Pacote Anticrime: Uma Solução Fake conta com o apoio de mais de 70 entidades em todo o país. O lançamento da iniciativa no Rio ocorreu no auditório Defensor Público Silvio Roberto Mello Moraes, no 2º andar da sede da Defensoria Pública do Estado (DPRJ), e contou com a participação de juristas e representantes da sociedade civil, assim como vítimas da violência. Na ocasião, os participantes discutiram as incongruências e consequências dos projetos de leis batizados de “pacote anticrime”. Para o 1º Subdefensor Público-Geral Marcelo Leão, que participou do evento, a campanha lança um olhar crítico sobre o pacote.
– A Defensoria Pública é contra essas medidas por considerar que elas não atacam as raízes do problema, mas, na verdade, os agravam – afirmou o defensor.
A desembargadora federal e integrante da Associação de Juízes pela Democracia, Simone Schreiber afirmou que, além de inconstitucional, os projetos de lei ignoram toda a jurisprudência construída sob a vigência da Constituição de 1988, conhecida como “Constituição Cidadã”. Para a desembargadora, as medidas propostas pelo pacote tendem a legalizar práticas de violação de direitos e abuso de poder, já comuns em zonas de conflitos.
As medidas propostas pelo Pacote Anticrime podem dificultar o exercício de direitos básicos como a presunção de inocência e o direito ao devido processo legal, explicou a pesquisadora do Instituto de Estudos da Religião (ISER) Renata Neder. De acordo com ela, o modelo de segurança pública presente nos projetos de lei resultará no aumento do número de homicídios e de pessoas encarceradas, assim como no crescimento do número de violações de direitos, dentre os quais à educação e ao ir e vir, afetando diretamente o cotidiano das populações mais vulneráveis.

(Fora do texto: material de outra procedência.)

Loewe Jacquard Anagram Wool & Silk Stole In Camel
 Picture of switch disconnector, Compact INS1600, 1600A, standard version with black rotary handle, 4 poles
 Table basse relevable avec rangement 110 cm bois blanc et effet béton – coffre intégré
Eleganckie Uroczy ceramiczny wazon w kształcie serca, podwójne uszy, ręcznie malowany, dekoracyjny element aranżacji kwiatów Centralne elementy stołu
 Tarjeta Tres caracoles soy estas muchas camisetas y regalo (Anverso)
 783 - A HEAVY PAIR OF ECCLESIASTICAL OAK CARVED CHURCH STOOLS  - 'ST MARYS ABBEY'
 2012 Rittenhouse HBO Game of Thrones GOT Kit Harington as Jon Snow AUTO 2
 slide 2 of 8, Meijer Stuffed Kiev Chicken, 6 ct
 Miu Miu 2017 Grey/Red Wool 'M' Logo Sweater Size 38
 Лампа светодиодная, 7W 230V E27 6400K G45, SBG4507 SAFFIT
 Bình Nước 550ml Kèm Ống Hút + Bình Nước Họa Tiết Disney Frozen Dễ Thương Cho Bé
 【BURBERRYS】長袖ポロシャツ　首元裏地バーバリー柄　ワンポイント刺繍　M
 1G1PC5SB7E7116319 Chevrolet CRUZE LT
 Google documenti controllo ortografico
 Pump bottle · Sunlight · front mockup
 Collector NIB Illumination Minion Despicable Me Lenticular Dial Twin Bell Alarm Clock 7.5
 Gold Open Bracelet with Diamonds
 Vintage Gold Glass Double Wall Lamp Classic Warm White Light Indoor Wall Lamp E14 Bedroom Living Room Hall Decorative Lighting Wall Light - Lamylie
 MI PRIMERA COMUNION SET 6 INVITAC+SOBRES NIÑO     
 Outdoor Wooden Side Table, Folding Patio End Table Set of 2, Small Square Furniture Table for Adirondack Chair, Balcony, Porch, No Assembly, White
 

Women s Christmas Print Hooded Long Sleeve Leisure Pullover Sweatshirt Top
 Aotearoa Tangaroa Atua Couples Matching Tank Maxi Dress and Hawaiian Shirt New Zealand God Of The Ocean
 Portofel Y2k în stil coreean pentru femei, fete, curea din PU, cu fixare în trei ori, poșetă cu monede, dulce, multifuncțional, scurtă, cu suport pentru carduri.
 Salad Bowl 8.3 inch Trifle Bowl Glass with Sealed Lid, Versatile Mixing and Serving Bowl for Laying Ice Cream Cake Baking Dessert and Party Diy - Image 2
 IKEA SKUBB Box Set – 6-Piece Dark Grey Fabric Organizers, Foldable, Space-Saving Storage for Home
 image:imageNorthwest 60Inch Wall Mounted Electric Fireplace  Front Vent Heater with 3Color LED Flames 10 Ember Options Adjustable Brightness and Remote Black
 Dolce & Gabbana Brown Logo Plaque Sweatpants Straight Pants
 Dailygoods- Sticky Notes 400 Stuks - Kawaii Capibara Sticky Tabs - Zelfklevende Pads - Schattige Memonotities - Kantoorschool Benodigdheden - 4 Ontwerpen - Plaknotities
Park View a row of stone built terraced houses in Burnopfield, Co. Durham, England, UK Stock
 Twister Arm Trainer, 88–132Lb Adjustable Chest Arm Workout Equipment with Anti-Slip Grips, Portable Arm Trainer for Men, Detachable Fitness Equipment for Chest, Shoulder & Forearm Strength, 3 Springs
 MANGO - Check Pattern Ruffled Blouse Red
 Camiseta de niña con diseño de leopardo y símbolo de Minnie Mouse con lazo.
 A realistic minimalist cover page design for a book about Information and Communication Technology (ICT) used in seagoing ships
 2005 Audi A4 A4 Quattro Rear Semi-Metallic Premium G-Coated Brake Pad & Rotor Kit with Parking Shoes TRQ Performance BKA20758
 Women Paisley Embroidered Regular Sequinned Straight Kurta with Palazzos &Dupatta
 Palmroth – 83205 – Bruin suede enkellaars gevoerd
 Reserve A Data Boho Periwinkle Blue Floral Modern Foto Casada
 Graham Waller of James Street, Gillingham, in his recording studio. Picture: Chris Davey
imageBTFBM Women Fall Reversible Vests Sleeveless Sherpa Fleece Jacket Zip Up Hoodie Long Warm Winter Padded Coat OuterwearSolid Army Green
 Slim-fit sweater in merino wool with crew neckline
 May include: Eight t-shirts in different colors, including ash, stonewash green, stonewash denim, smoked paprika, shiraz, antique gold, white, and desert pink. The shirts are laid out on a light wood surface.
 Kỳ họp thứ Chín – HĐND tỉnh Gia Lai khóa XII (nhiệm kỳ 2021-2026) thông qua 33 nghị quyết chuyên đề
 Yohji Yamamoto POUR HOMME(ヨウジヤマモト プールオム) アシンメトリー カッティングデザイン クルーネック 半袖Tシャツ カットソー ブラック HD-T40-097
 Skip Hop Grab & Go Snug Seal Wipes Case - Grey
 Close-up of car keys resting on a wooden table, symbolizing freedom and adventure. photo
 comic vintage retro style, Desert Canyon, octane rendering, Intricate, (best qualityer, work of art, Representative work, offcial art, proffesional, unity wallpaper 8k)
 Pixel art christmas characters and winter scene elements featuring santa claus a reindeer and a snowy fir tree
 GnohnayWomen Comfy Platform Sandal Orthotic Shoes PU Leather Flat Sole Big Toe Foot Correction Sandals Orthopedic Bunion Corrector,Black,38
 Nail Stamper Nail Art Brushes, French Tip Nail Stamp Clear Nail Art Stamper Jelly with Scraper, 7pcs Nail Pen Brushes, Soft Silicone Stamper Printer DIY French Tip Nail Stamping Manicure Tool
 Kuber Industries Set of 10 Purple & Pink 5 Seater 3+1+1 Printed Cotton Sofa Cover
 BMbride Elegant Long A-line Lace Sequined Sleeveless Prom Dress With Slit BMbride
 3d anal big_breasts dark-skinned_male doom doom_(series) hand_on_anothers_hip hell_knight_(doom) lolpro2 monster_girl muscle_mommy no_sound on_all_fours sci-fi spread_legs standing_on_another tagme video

O defensor público Emanuel Queiroz, coordenador de Defesa Criminal da DPRJ, afirmou que é preciso elaborar uma proposta de segurança pública baseada na cidadania e enfatizou a importância da campanha para a defesa dos direitos humanos e para a reflexão sobre as políticas de segurança pública.
– A Defensoria Pública, como agência pública de direitos humanos, tem por obrigação conferir voz a população que, ao mesmo tempo, é a mais vitimada pela violência e criminalizada: a população favelada e periférica. Há de se dar voz a essas pessoas para que se entenda a complexidade dos problemas e se tenha no horizonte as soluções – afirmou Queiroz, descantando que o pacote anticrime não ataca os reais problemas.
– Por exemplo: na exposição de motivos do projeto, ao se tentar justificar o alargamento do conceito de legítima defesa para os agentes de segurança pública, afirma-se que isso se dá em razão das ações policiais ocorrerem em locais de casas geminadas, com ruas estreitas, o que colocaria o policial em risco. Pensam segurança pública com a única ideia de polícia e bandido. Não seria mais saudável para sociedade urbanizar esses territórios, construindo vias de acesso adequadas, com saneamento básico e regularização fundiária? Certamente diminuiríamos a criminalidade e a letalidade – acrescentou.
Além de Marcelo Leão, Simone Schreiber, Emanuel Queiroz e Renata Neder, também participaram do evento a representante da Rede de Comunidades e Movimentos contra a Violência Ivanir dos Santos e da pesquisadora do Observatório de Favelas Aline Maia. O evento foi aberto à participação do público composto por integrantes da sociedade civil.